Он снова стоял перед знакомой дверью. Тот же запах ударил в нос, но сейчас он не вызывал раздражения. Только страх.

Отец лежал на старом диване, накрытый колючим пледом. Он казался меньше, чем обычно. Седым, уязвимым. Лицо было бледным, а привычные морщины у глаз казались глубже. Он не спал. Просто смотрел в потолок.

— Пап, — тихо позвал Кирилл.

Отец медленно повернул голову. Посмотрел на сына долгим, тяжелым взглядом.

— Приехал… — голос был хриплым и слабым. — Работа твоя… закончилась?
— Закончилась. Все хорошо. Я контракт подписал.

Кирилл ожидал любой реакции: равнодушия, очередной критики, нравоучения. Но отец просто кивнул. А потом сказал то, что стало первым камнем, покатившимся с лавины, которую Кирилл так долго сдерживал внутри.

— Лена, — позвал он мать, которая неслышно вошла в комнату. — Принеси… там, в серванте.
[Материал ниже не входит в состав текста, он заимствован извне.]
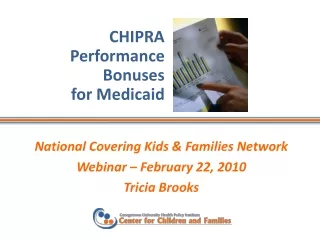 CHIPRA Performance  Bonuses for Medicaid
Мать вышла и через минуту вернулась со старой картонной папкой на завязках. Той самой, где отец хранил документы: свидетельства о рождении, аттестаты, грамоты с завода. Он протянул ее Кириллу.

— Открой.

Кирилл развязал тесемки. Сверху лежали его детские рисунки, которые он считал давно выброшенными. Неуклюжие домики с дымом из трубы. Кораблики. Танки. На каждом рисунке в углу аккуратным отцовским почерком была выведена дата. А под ними… под ними лежали распечатки. Десятки листов. Плохого качества, на дешевой бумаге. Кирилл присмотрелся и замер.

Это были страницы с его работами. Скриншоты сайтов, которые он делал. Логотипы. Статьи о трендах в веб-дизайне, которые он когда-то писал для одного блога. Все было распечатано, аккуратно сложено и пронумеровано.

Он перебирал листы дрожащими руками. Вот его первый большой проект, которым он так гордился три года назад. Вот логотип для маленькой кофейни, который он сделал почти бесплатно, «для портфолио». Вот сложный корпоративный сайт, над которым он бился полгода. Отец собрал все. Все, что смог найти в интернете.

— Я просил соседа… показать, — тихо сказал отец, не глядя на него. — Как это… искать. Внук его научил. Он мне все это напечатал.

Кирилл поднял глаза. Мать стояла у дверного косяка и беззвучно плакала, прижав кулак ко рту.

А потом Кирилл увидел последний лист в папке. Это была распечатка страницы с результатами поиска в Яндексе. И запрос, набранный большими, неуверенными буквами: «КИРИЛЛ МИХАЙЛОВИЧ ЛУЧШИЙ ДИЗАЙНЕР».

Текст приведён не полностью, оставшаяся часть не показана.